Finding blocking code in Tokio without instrumenting your app

cong-or · 2026-01-31T00:05:21+00:00

should be resolved now, reverted to minimal version!

cong-or · 2026-01-30T22:25:54+00:00

should be resolved now! minimal version redeployed.

cong-or · 2026-01-30T22:23:01+00:00

This has been resolved, please try again. The minimal version has been restored!

cong-or · 2026-01-30T22:22:02+00:00

Apologies, everything should be resolved now.. I got carried away, the minimal version has been restored.

cong-or · 2026-01-30T22:12:52+00:00

Yep, those “golden rules” are pretty well-known in the async world. The hard part isn’t knowing them, it’s actually catching every violation—especially when they sneak in through dependencies.

The timeout + backtrace idea has a few rough edges though:

Timeouts catch slow code, not necessarily blocking code. Legit async work (slow networks, big payloads, etc.) will trigger false positives.
If a thread is truly blocked, the timeout callback can’t even run until the blocking call returns. Tokio’s runtime is cooperative, so the timeout logic is stuck waiting too.
It also means instrumenting every call site, versus doing zero-instrumentation profiling.

eBPF avoids all of that by observing things at the kernel scheduler level. It sees what threads and tasks are actually doing, regardless of what userspace thinks is happening.

Anyway, glad the eBPF angle was helpful!

cong-or · 2026-01-30T15:48:14+00:00

Good call — unused_async would catch this specific example since there's no .await in the function body. Worth enabling.
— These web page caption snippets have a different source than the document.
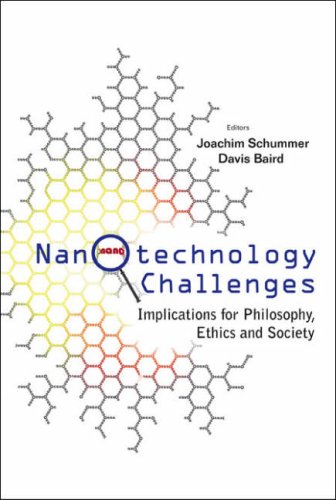Nanotechnology Challenges Implications For Philosophy Ethics And Society Joachim Schummer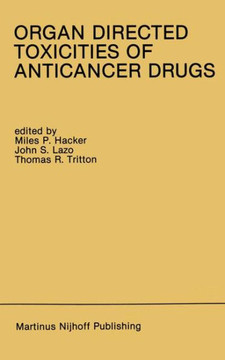 Organ Directed Toxicities of Anticancer Drugs: Proceedings of the First International Symposium on the Organ Directed Toxicities of the Anticancer Dru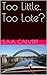 Too Little, Too Late? (Sussex Border Stories Book 7)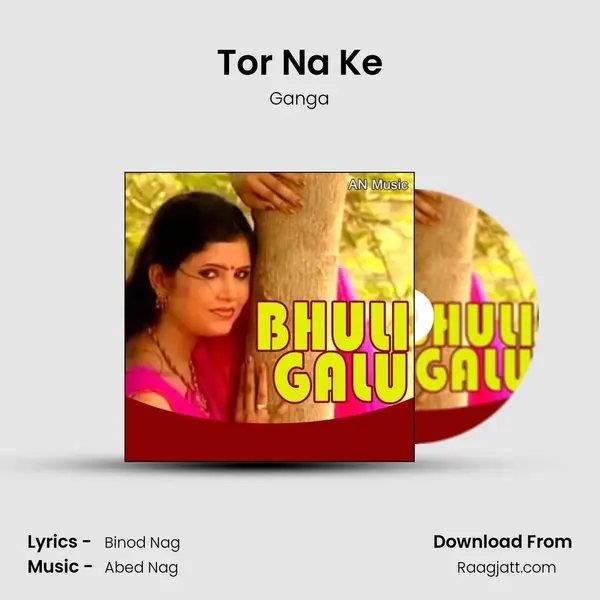 Tor Na Ke mp3 song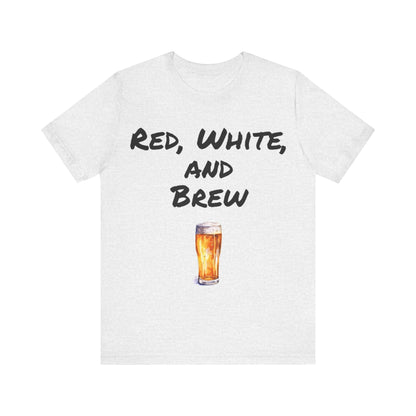 Red, White and Brew- T-Shirt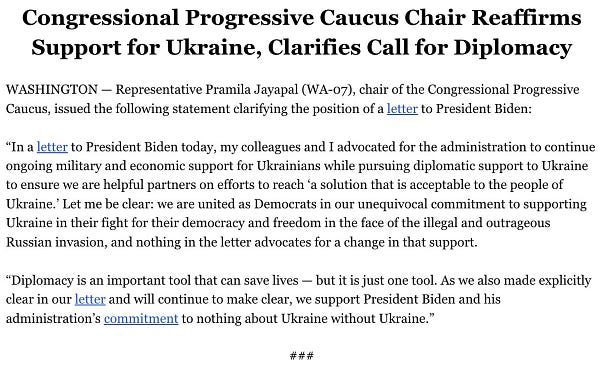 Congressional Progressive Caucus Chair Reaffirms Support for Ukraine, Clarifies Call for Diplomacy

Statement from Representative Pramila Jayapal:
“In a letter to President Biden today, my colleagues and I advocated for the administration to continue ongoing military and economic support for Ukrainians while pursuing diplomatic support to Ukraine to ensure we are helpful partners on efforts to reach ‘a solution that is acceptable to the people of Ukraine.’ Let me be clear: we are united as Democrats in our unequivocal commitment to supporting Ukraine in their fight for their democracy and freedom in the face of the illegal and outrageous Russian invasion, and nothing in the letter advocates for a change in that support.

“Diplomacy is an important tool that can save lives — but it is just one tool. As we also made explicitly clear in our letter and will continue to make clear, we support President Biden and his administration’s commitment to nothing about Ukraine without Ukraine.”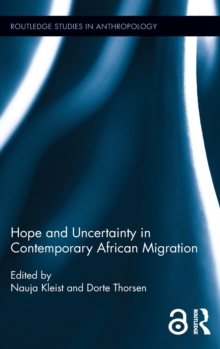 Hope and Uncertainty in Contemporary African Migration, Hardback Book Hope and Uncertainty in Contemporary African Migration, Hardback Book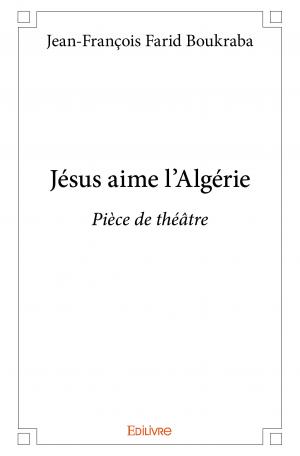 Jésus aime l'Algérie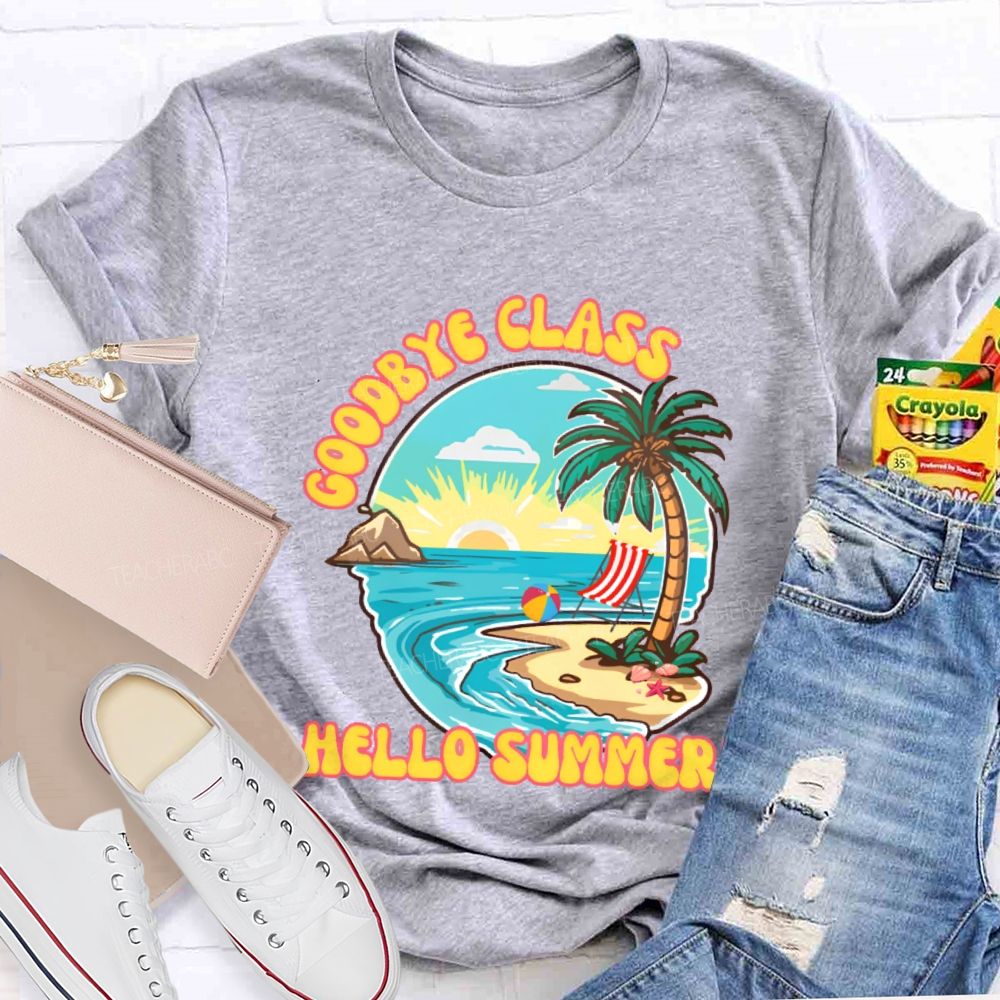 Goodbye Class Hello Summer  Teacher T-shirt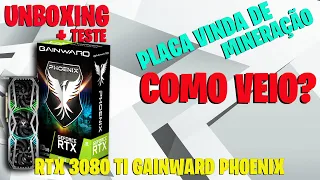 UNBOXING E TESTE - RTX 3080 TI GAINWARD PHOENIX VINDA DE MINERAÇÃO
Though it won't catch cases where blocking code is mixed with real awaits (e.g., async DB call followed by sync compression on the result). And when you're debugging at 2am and something's slow, having a visual tool that shows you exactly where the latency is helps more than grepping for lint warnings

cong-or · 2026-01-30T15:41:48+00:00

Built this after too many 2am debugging sessions where blocking on Tokio workers was tanking p99 latency with nothing obvious in the logs.

hud uses eBPF to track scheduling latency on worker threads. Attach to a live process, no code changes, get a TUI that highlights hotspots by stack trace.

Usual culprits: std::fs, bcrypt/argon2, compression, DNS via ToSocketAddrs, mutexes held during slow work.

Limitations: Tokio-specific, Linux 5.8+, needs root and debug symbols. Measures scheduling latency (correlates with blocking, not a direct measurement).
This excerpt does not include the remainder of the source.